Anticipating headwinds and uncertainties in the US market, Alibaba bought half of a $1.2-billion skyscraper in Singapore early this year to house its regional headquarters.
For the trio making a strategic pivot to Asia, Singapore is strategically better positioned than Hong Kong. The 10-member Association of Southeast Asian Nations is home to some of the world’s fastest growing emerging economies, with Singapore playing the leading actor in regional affairs and a staunch advocate of free trade.
Lee Hsien Loong, prime minister of the trade-dependent island nation, has been a vocal critic of the Trump Administration’s unilateral tariffs on China, Singapore’s top trading partner. “The cause of a country’s trade deficit lies at home is neither caused nor cured by trade restrictions”, he wrote in 2018 of the US trade war on China.
For the tech giants who are pulling out of the US market woefully scathed, Lee’s defense of free trade must sound both soothing and appealing.
Despite it being as steadfast as Singapore in promoting free trade, Hong Kong has been haplessly caught in the eye of a geopolitical storm that is still gaining in force and scope. For geopolitical reasons, the Trump administration slapped trade and technology sanctions on Hong Kong which is ironically the single biggest source of trade surplus for the US.
Markets such as Singapore that enjoy unfettered access to the world’s latest technologies can prove a tremendous draw for technology-intensive firms like Tencent, Alibaba and ByteDance, now that Hong Kong has been placed on the US technology sanction list.
Situated on the periphery of the geopolitical contest between the world’s biggest economies, Singapore has performed a sophisticated, well-balanced act by maintaining a relationship of comity and cooperation with both China and the United States.

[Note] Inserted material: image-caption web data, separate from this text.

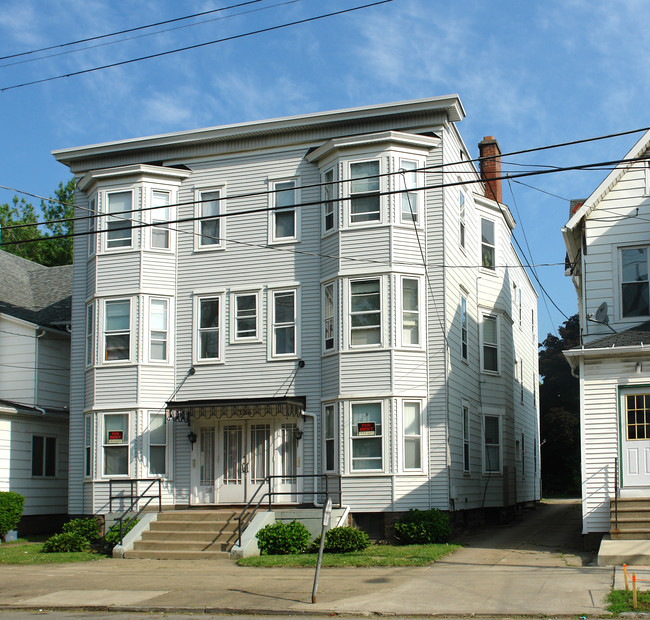 326w8th in Erie, PA - Foto de edificio - Building Photo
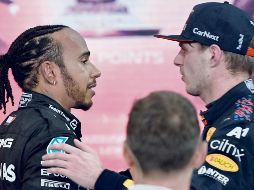 Lewis Hamilton y Max Verstappen protagonizaron encarnizadas batallas en 2021. AFP/A. Isakovic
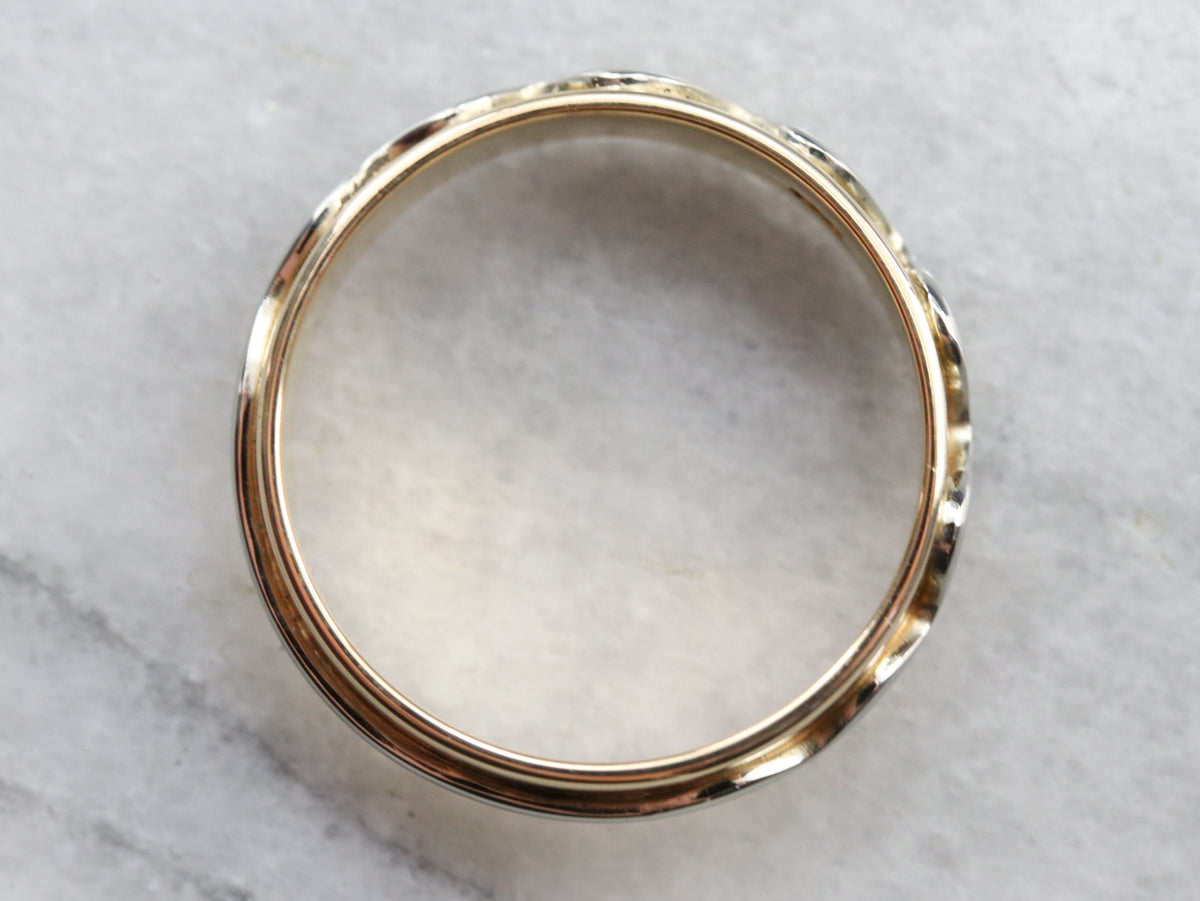 18K Gold Squiggle Pattern Band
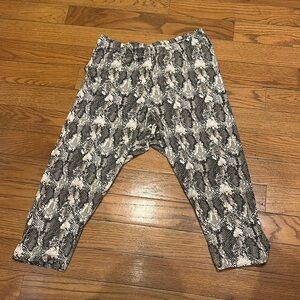 Chic Black and White Snakeskin Print Leggings from Old Navy - cropped fit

Washington, therefore, wouldn’t mind the island nation punching above its weight in regional and international affairs so long as it does not align with Beijing in this geopolitical competition. This leaves Singapore much leeway in dealing with Chinese technology companies forced out of the US market.
One other calculation that the internet giants might have in mind when deciding to skip Hong Kong for Singapore is the lasting sociopolitical stability the city state has on offer, a consideration that the trio won’t say out loud though for PR and political reasons.
Thanks to the legacy of the political philosophy of Singapore’s founding father Lee Kuan Yew, leaders of the multiethnic island nation have doubled down on the utmost importance of political stability and racial harmony as a foundation for progress and prosperity, a Confucianist political culture that must have struck a chord with the top brass of the Chinese tech giants.
The Mandarin-speaking environment in Singapore should prove another incentive and encouragement for mainland investors. Scenes of the summer of violence and unrest that wracked Hong Kong last year are still playing out among many mainland residents, especially that of an agitated mob attacking a Mandarin-speaking JPMorgan banker for telling his assailants “We are all Chinese”.
The relocation of the three internet giants to Singapore from the US market does not necessarily represent a vote of waning confidence in Hong Kong, where fundamentals still remain robust and strong, and anti-mainland sentiments are harbored only by an extremely small section of the local populace.
They are instead steering away from the epicenter of a raging geopolitical storm, in which Washington will keep exploiting Hong Kong as a pawn in its bigger battle against Beijing.